In Sweden, Candy Eats You

The other day I g-chatted my friend Melissa. (Have we all agreed that this is a verb now? I’m cool with it if you guys are.)

“I HAVE to try that salty licorice!” I said/typed. Actually, I think it was more along the lines of “omguhhhhhhh that salty licorice! hafta try it!!!” but we’ll pretend that someone on the cusp of thirty doesn’t communicate like a fifteen year old.

For some reason the sort of licorice that is popular in Scandinavia—strong and salty, one of those things that falls very far on the “acquired taste” end of the spectrum—had been on my mind. First a friend went to Denmark and tried it. Then it came up in conversation in a bar. And then I saw this. Whenever I start to hear a lot about something weird-tasting that I haven’t tried yet, I get jealous. How come everyone had tried this but me??

A few minutes later I got a message with a name and address: Sockerbit Sweet & Swedish, 89 Christopher Street.

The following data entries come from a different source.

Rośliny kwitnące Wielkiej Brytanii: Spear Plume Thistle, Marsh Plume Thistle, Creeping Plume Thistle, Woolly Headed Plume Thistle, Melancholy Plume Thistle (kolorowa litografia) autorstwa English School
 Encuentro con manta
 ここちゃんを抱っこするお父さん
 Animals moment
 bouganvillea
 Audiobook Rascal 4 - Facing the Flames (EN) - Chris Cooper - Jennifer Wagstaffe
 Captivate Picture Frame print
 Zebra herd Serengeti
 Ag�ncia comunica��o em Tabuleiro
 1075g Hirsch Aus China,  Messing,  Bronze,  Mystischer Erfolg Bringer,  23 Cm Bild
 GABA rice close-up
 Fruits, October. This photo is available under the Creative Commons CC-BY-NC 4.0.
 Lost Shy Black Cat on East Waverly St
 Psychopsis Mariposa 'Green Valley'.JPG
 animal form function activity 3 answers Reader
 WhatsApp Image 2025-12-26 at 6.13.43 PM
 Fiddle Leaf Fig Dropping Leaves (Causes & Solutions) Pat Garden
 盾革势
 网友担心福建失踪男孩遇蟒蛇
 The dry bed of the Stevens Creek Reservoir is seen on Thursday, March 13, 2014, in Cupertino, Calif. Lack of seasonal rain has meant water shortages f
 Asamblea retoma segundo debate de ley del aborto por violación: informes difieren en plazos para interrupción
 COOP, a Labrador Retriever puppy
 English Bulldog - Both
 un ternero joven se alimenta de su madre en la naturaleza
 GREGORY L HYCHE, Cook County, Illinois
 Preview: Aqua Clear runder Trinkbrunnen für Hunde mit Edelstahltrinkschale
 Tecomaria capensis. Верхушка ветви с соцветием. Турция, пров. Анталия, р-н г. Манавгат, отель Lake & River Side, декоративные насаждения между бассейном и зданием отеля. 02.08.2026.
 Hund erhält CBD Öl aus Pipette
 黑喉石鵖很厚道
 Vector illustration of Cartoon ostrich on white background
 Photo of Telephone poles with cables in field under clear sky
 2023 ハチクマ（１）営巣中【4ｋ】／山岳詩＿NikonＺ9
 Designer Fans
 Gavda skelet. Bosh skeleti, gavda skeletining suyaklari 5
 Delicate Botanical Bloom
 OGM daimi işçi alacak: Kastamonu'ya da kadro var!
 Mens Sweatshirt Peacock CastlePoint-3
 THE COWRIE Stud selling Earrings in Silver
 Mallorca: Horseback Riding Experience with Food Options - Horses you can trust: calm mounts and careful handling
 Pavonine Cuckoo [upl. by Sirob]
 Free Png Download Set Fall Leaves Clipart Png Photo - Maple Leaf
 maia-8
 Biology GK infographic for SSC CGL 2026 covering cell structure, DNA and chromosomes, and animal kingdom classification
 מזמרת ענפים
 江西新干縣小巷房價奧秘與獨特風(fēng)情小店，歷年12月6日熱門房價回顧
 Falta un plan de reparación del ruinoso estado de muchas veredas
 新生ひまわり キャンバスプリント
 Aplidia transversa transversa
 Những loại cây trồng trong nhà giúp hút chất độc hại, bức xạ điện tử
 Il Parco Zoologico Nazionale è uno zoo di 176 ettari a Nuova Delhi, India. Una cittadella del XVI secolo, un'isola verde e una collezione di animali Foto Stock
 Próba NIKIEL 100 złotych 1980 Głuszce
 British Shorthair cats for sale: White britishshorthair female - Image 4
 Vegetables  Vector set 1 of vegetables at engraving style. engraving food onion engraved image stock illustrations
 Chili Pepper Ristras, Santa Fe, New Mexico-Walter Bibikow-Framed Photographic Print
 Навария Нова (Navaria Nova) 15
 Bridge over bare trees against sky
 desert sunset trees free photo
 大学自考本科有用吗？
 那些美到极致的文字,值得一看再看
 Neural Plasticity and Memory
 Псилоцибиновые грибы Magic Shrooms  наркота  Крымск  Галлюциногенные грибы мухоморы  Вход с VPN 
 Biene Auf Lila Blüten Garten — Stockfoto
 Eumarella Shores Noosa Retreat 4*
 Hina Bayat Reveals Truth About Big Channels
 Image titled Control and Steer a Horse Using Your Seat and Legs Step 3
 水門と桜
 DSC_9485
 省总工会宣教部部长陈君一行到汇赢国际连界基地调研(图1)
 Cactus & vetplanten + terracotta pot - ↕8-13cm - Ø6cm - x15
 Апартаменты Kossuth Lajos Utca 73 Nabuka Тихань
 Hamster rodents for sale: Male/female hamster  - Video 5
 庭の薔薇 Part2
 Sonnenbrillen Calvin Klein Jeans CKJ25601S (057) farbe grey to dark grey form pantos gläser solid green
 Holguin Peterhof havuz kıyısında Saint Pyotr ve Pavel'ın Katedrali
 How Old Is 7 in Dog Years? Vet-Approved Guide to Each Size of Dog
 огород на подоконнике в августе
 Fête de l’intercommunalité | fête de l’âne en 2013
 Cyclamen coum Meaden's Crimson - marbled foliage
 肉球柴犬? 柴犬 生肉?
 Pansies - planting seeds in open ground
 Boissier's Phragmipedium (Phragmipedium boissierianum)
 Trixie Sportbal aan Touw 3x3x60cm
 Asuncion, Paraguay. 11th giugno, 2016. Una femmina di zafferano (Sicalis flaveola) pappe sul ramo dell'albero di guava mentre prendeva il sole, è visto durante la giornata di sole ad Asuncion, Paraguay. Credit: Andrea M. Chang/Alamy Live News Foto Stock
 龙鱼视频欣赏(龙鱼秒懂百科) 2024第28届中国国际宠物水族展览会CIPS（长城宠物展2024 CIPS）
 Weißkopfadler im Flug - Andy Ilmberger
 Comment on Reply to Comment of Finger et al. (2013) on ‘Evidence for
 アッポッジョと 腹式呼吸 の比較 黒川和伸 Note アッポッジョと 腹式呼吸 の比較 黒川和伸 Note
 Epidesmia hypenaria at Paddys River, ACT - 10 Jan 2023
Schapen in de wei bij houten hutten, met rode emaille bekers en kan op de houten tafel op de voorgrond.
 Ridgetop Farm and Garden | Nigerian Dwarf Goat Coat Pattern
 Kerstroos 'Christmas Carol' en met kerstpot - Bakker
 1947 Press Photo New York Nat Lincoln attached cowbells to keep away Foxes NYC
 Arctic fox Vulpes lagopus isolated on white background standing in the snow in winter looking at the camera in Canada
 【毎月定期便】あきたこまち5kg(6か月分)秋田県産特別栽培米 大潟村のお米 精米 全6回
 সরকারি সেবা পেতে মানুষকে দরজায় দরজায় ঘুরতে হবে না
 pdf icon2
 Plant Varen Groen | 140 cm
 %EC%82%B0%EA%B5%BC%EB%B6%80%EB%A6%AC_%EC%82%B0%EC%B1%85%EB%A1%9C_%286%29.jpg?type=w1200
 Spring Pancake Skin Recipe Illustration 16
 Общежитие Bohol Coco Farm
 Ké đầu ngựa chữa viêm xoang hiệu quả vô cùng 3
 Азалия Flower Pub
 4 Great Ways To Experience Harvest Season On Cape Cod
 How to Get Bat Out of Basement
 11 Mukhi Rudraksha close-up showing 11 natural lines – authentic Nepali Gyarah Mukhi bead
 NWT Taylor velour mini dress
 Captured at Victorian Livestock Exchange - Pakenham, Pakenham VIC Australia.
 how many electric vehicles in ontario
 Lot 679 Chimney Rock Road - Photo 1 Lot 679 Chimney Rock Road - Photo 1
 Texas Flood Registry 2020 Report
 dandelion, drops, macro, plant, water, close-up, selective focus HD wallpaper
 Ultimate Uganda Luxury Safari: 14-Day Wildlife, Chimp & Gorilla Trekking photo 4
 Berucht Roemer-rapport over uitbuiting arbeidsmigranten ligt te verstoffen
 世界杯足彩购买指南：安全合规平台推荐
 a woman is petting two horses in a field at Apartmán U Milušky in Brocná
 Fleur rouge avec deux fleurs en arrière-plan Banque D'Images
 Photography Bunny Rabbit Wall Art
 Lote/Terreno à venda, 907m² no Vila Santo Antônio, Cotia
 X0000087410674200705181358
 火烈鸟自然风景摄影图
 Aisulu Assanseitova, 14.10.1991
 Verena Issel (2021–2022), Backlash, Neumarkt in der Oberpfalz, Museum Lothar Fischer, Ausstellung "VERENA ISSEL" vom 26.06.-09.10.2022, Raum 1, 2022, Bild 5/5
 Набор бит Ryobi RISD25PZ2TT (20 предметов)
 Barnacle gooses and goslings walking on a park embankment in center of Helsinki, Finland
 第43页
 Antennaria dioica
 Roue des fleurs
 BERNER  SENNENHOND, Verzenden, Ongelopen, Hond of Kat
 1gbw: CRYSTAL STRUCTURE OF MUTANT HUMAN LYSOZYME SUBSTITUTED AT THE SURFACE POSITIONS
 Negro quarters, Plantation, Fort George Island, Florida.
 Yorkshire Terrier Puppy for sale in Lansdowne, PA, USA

Sockerbit is in the West Village, near the Christopher Street stop on the 1 and next to a skincare shop where a guy from Israel will try to rub you with dead sea salt. It is wall-to-wall gummies and licorice, sold by the pound, plus a few other Scandinavian food items. You will feel this excited when you enter:

My friend and I filled a bag with candies and walked down the street, tasting them one by one, trying to find a piece of licorice that approximated the one she had tried in Copenhagen. They were salty, and mouth-puckering, but in a good way. “No, this one isn’t as strong,” she kept saying, every time we reached in the bag. Finally we both pulled out a little black wheel and bit into it. It tasted of… blue cheese. “Yep, that’s it,” she said, and made an incomprehensible face. I turned it over in my mouth for a minute, willing myself to like it. Then I spit it out. Not there yet.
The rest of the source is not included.